Puget Sound plan to shutter Colstrip coal units approved
- The Washington Utilities and Transportation Commission unanimously approved a multi-party settlement allowing Puget Sound Energy to increase electric rates by 1% and reduce gas rates by almost 4%, while clearing the way for two units at the Colstrip coal plant to be retired.
- The settlement, reached in September, allows PSE to recover its remaining costs associated with closing Colstrip units 1 and 2, which the utility will mothball no later than 2022.
- A total of $10 million will go towards community planning for the town of Colstrip, Mont. PSE and shareholders will each put $5 million towards the efforts, as the town absorbs job losses and revenues.
As increasing numbers of coal-fired power plants retire, there will be a stream of small towns left to cope with job and tax revenue losses as well as a changed way of life.

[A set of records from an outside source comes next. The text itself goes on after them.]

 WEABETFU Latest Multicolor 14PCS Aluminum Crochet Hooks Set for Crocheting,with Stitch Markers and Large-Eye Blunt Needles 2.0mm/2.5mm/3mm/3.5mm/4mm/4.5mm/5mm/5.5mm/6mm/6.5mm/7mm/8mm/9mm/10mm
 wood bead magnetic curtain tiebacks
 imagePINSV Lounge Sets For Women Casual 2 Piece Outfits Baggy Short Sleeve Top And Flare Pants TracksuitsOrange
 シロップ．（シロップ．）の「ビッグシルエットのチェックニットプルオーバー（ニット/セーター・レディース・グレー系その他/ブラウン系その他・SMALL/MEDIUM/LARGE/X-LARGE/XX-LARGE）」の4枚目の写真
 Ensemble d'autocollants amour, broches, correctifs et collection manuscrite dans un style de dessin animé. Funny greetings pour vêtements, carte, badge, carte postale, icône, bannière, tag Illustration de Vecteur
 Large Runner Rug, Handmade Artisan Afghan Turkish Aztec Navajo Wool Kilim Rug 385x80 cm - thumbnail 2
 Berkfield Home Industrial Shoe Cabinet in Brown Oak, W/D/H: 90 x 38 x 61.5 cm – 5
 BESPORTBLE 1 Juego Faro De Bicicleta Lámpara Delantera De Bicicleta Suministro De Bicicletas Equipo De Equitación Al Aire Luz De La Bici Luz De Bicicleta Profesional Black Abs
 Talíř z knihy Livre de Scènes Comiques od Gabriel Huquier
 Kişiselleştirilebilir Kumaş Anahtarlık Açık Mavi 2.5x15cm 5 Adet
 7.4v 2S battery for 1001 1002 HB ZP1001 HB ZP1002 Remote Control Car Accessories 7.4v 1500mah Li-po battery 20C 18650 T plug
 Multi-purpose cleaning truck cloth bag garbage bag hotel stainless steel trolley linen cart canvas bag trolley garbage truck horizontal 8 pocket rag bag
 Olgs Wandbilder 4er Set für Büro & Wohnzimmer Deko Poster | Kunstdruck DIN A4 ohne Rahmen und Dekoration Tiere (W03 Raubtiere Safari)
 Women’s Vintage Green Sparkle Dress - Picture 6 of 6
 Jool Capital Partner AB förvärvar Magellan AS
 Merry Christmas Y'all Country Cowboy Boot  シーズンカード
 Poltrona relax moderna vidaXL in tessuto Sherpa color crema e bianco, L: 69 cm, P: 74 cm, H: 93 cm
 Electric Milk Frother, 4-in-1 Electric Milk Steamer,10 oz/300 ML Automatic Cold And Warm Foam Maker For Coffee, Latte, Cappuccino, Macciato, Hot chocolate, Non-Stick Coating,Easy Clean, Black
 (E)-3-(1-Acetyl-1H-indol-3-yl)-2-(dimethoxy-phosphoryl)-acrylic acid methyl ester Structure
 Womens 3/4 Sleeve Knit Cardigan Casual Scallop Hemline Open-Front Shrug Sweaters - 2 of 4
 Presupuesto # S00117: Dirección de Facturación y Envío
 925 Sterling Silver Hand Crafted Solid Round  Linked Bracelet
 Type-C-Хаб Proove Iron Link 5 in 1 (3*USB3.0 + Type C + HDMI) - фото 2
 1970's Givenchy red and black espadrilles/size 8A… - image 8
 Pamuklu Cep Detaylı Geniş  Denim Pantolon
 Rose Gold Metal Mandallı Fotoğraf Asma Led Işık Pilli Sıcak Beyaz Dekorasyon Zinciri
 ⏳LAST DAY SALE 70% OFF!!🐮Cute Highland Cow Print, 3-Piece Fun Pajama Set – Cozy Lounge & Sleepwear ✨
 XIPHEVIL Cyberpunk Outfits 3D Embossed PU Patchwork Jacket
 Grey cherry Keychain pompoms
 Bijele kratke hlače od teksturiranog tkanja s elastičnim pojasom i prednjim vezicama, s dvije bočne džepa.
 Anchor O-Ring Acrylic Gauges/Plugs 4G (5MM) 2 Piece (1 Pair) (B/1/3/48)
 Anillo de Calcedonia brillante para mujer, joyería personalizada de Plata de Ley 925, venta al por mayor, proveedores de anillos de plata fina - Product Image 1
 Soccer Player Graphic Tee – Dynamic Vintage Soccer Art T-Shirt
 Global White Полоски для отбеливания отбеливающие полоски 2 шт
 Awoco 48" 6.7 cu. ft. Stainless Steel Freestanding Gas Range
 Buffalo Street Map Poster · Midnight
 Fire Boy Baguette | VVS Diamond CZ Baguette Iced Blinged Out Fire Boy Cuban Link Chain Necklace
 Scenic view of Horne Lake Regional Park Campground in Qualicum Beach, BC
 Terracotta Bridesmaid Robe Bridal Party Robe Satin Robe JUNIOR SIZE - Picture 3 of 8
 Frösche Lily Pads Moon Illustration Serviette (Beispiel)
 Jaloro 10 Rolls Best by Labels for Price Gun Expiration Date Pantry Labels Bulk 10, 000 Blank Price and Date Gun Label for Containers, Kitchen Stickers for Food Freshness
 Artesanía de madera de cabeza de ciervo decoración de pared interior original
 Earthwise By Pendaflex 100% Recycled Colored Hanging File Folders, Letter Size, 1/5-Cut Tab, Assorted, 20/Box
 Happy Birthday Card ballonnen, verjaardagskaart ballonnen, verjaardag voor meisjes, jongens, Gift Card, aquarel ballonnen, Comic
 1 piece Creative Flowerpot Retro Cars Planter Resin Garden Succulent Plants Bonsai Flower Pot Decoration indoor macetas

The Billings Gazette reported closing Units 1 and 2 will have a $500 million impact southeast Montana over a span of three years. The settlement attempts to address some of the issues.
Along with the $10 million for community development, PSE has agreed to work with stakeholders to develop a "community transition plan" and funding mechanisms to address the loss of a major employer and tax payer. The settlement also creates a one-time $2 million increase in weatherization assistance funds for low-income customers.
Puget Sound Energy has agreed to shut down Units 1 and 2 no later than 2022. For Units 3 and 4, the order speeds cost recovery for those units by 18 years through 2027. The settlement also revalues PSE’s share of Colstrip and establishes a financing mechanism for the decommissioning and remediation of the Units 1 and 2.
Regulators acknowledged the significance and complexity of the proceeding. In the order, the three-member commission said the scope of the proceeding "distinguishes it as one of the major complex litigations before the commission during the past two decades."
The UTC hailed the settlement as an "historic agreement, which addresses, among other things, many challenging issues regarding the Colstrip coal-fired power plants that the commission and parties have grappled with for more than a decade."
PSE will be required to report on its progress in shutting down the two units, and give updates on the anticipated timeline for Colstrip 3 and 4. The utility must also complete an annual evaluation of the funds to decommission and clean up Units 1 and 2, and determine if they are sufficient.
The average residential power customer will see a monthly bill increase of about a dollar, to an average of $95.16. For gas customers, the average customer will see a decrease of $2.67, to $66.15.
Public comment on the case was lopsided. The UTC revealed it received 479 public comments on PSE's rate proposals, and only 7 supported it.